> _Given information_:
• • • • •

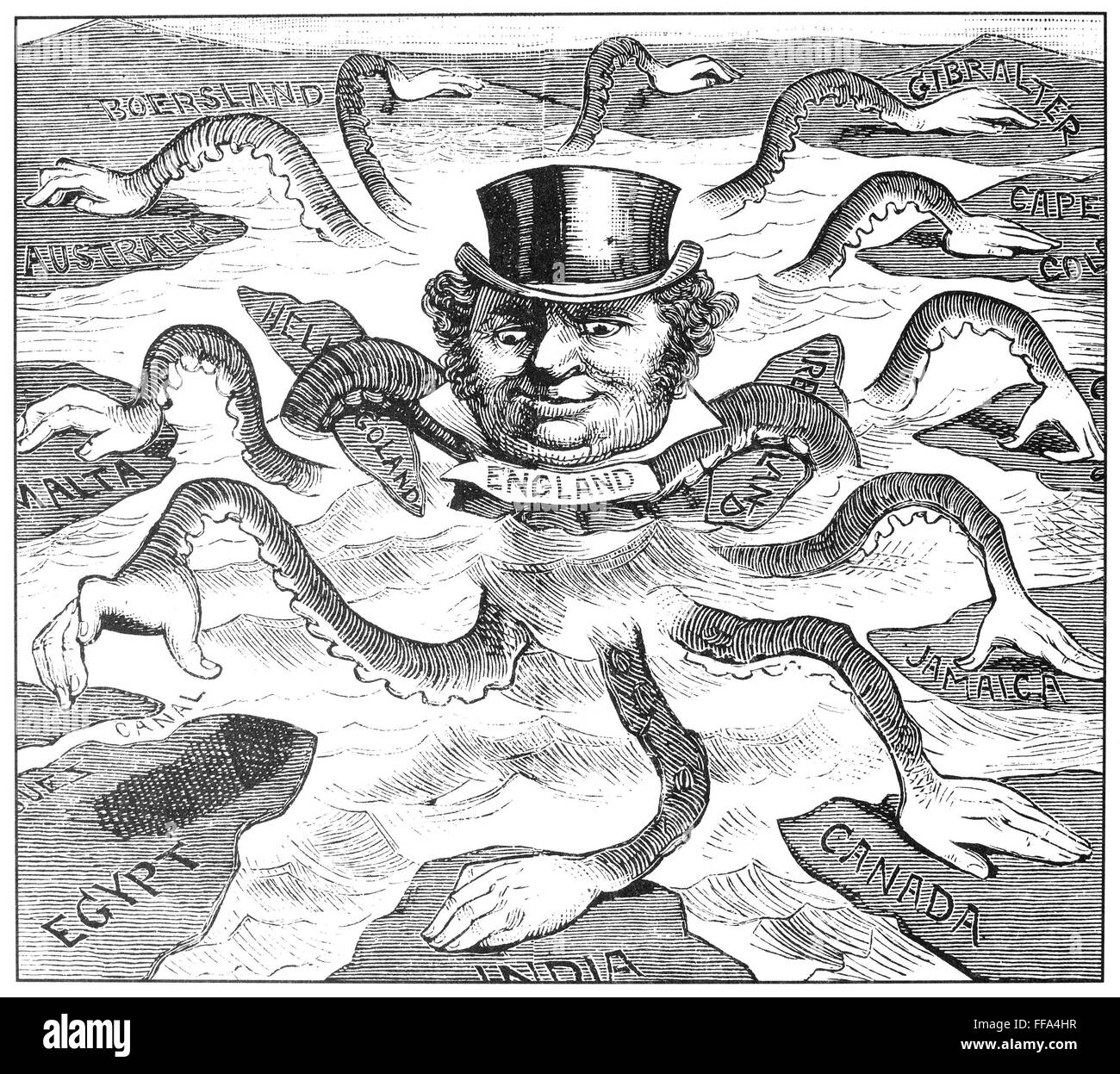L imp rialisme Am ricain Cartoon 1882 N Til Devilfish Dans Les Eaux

• • • • •

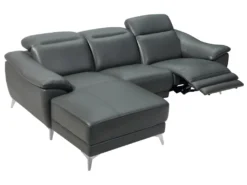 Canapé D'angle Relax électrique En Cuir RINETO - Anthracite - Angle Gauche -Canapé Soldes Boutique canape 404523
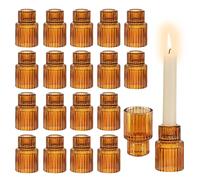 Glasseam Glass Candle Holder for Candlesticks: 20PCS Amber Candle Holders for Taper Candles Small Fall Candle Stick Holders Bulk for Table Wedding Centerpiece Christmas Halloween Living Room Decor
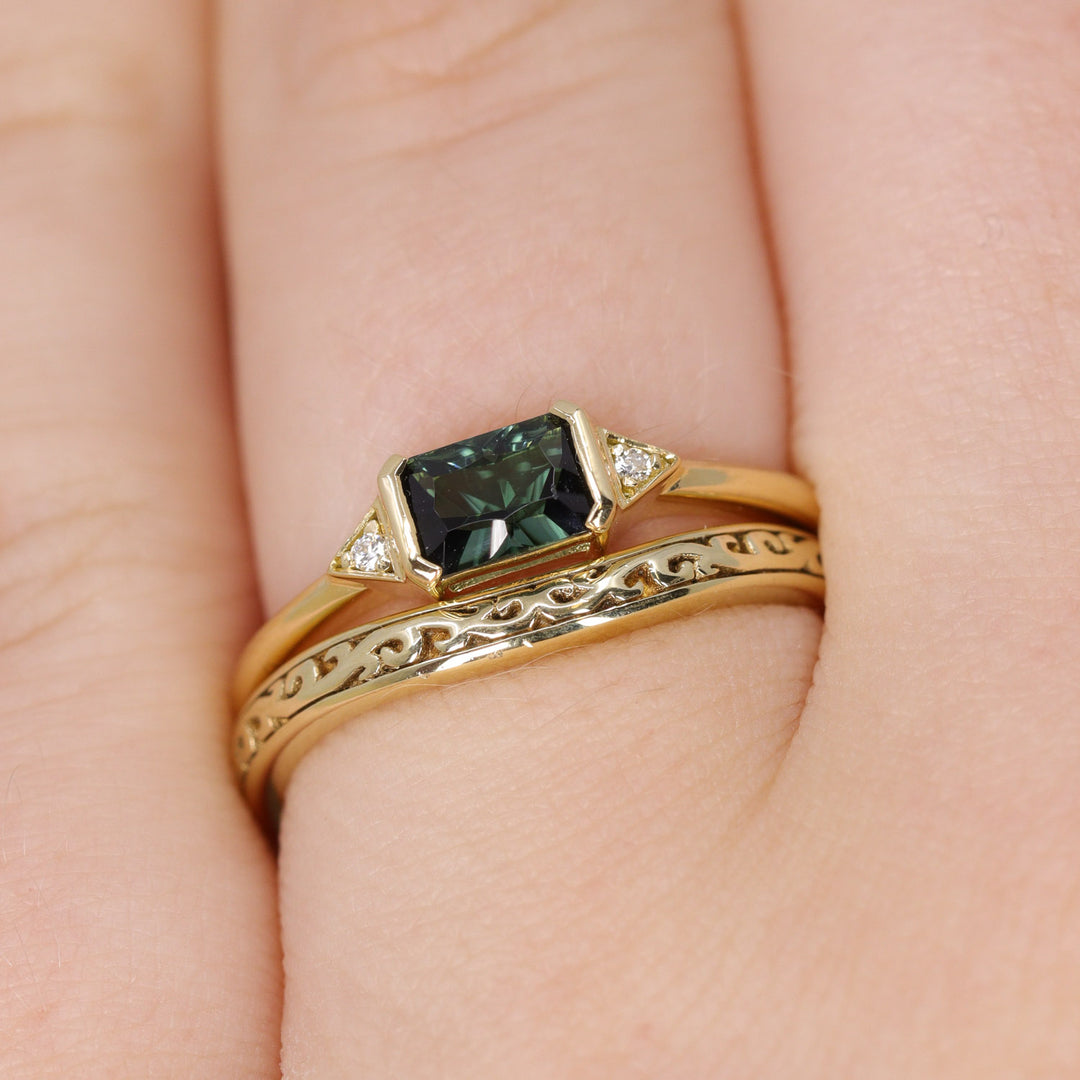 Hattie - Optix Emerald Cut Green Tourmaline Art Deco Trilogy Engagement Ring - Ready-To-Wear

• • • • •

> _Your task_: Please output, exactly as written, the lines above from the one holding "Glasseam Glass Candle" through the one holding "Hattie - Optix", both included, with the pictures omitted.

> _Solution for this task_:
 Glasseam Glass Candle Holder for Candlesticks: 20PCS Amber Candle Holders for Taper Candles Small Fall Candle Stick Holders Bulk for Table Wedding Centerpiece Christmas Halloween Living Room Decor
 Hattie - Optix Emerald Cut Green Tourmaline Art Deco Trilogy Engagement Ring - Ready-To-Wear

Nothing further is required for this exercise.